[What you have to do] What is needed is a word-for-word copy of the lines below from the one with "Bateria Kuchenna Blanco" through the one with "9134 Cherry Oaks Lane , 102", both included, with every picture left out.
** Opening Records to process block **
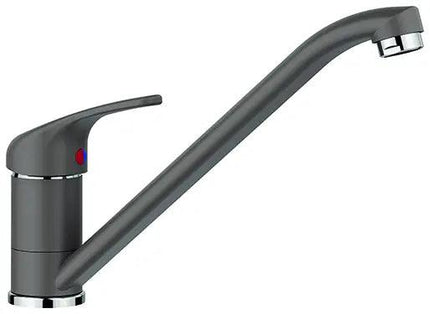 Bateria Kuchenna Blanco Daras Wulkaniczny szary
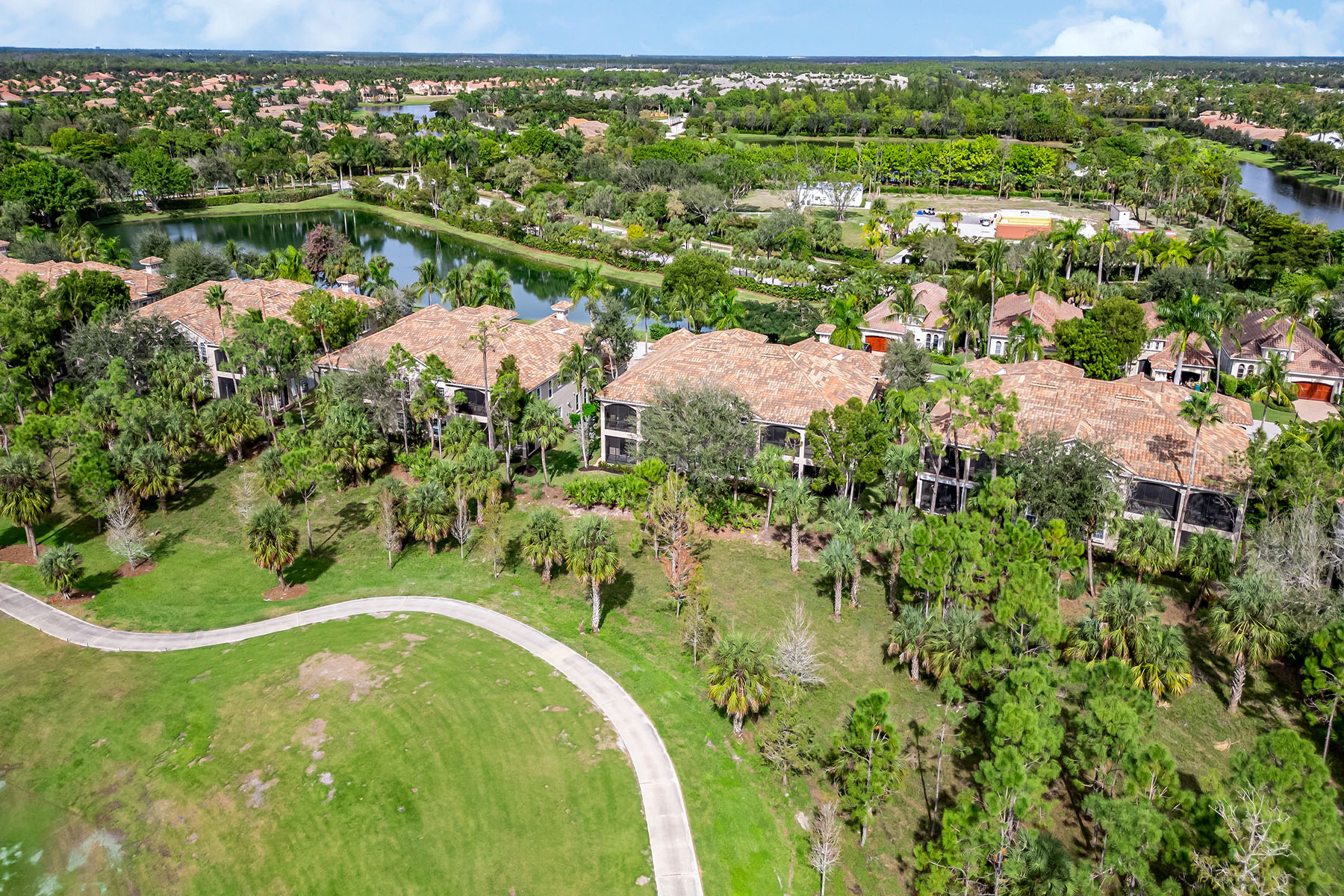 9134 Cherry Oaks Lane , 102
** Closing Records to process block **
** Opening Records to process block **
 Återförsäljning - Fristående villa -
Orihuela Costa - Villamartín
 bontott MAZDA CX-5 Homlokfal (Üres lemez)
** Closing Records to process block **
[Task solution]
 Bateria Kuchenna Blanco Daras Wulkaniczny szary
 9134 Cherry Oaks Lane , 102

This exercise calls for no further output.